2011-01-01 03:36:12 | エレクトロニカ、テクノなど
 ”グーテフォルクと流星群”by Gutevolk

 はい、毎度のことですが、ジャケ買い作品。音に惹かれるよりジャケに惹かれて盤を買うケースの多いみたいな私ですが、いや本気で”ジャケ芸術”を愛しているのかもしれない。まあ私、もともとが画家志望だった人間なんで、その辺はお許し願いたいんですが。

 で、これは冬の夜明けの海辺ですかね、フードつきの赤い厚い上着を羽織った人物が貝殻らしきものを手にしている。その貝殻から光が零れ出して中空へ舞いかけている。上空に、このアルバムの正式タイトルらしきものが浮んでいます。”Tiny People Singing Over The Rainbow”と。2007年作品。このタイニイ・ピープル云々は、何かいわれとか原作とか、絡みがあるのかしら?分かりませんが。不思議な世界への扉が開かれているようで、興味をそそられますな。

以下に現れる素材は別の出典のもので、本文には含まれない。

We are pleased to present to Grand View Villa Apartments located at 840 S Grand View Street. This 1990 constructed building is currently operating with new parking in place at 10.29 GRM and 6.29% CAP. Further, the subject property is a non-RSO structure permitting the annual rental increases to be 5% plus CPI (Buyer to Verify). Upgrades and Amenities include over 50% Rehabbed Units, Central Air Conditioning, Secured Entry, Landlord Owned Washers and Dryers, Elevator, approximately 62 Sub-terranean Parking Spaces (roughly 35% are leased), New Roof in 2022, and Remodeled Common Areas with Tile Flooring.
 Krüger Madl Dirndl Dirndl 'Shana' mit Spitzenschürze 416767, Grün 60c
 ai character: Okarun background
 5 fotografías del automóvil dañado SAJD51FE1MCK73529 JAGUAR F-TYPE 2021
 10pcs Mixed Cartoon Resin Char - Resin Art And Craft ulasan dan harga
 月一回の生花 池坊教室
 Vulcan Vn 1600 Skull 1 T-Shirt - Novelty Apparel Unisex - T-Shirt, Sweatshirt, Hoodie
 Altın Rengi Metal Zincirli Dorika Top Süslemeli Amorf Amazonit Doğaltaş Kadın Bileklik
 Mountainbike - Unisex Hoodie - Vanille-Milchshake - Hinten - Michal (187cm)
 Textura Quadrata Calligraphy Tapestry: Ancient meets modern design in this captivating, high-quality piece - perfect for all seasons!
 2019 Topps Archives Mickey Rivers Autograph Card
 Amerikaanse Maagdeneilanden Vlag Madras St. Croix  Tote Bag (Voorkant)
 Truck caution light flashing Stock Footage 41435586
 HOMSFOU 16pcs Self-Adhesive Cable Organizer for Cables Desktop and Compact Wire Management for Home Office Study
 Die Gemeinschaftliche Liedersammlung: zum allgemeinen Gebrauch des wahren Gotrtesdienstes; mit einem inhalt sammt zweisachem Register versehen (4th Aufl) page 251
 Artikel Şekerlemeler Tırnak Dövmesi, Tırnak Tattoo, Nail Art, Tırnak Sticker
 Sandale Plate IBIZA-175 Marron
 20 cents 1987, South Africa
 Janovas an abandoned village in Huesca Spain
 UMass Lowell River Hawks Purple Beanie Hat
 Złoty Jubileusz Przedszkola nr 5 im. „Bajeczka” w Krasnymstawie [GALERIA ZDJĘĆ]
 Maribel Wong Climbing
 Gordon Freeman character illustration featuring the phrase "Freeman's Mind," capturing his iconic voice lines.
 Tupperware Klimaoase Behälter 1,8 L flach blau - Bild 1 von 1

 いくらジャケ買いとはいえ、このアルバムが私が今注目しているエレクトロニカ作品であることくらいの知識はあった。西山豊乃という女性のソロ・ユニットで、もう何作かのアルバムを世に問い、それなりの評価もあるようです。
 一番意外だったのは、電気楽器中心のインストものと想像していたのに、ほぼ全曲にボーカルが聴かれたこと。サウンドの基本は期待通り電子音楽っぽいものだったが、こちらが思っていたよりずっと開かれた世界の住人による音楽なのだろう。

 歌の歌詞は英語だったり日本語だったりするが、どちらも聞き流しているだけでは内容までは読み取れず、断片的なイメージを喚起する言葉が残るのみ。でも、それで良いんじゃないか。海辺の気ままな呟きは、自由に散って行くに任せたらいいんじゃないか。
 ジャケの海岸に寄せては返す波みたいな反復するリズムに乗って、まるで作意のなさ過ぎる声がポップスのような子供の遊び歌のようなメロディを呟く。全体をメジャー・セブンスっぽい響きが包み、基調音としてずっと鳴っている。

 多重録音されたキーボードの音の上をトイ・ピアノがポンポンと歩き回り、シロホンが揺れ、リコーダーが行進する。タンバリンやシェイカーが遠い昔に失われた夏の祭りの残響を演出する。
 凍りつく北風と海。寄せては返す波のきらめきと、立ち上って行く光の粒と。
 私が今、キイを叩いている部屋から出手、ほんの数歩で国道に至り、それを越えればもう海辺だ。とうに新しい年は明け、でもまだ夜明けはやって来てはいないけれども。波のざわめきは街路灯の向こうから確かに聞こえて来ている。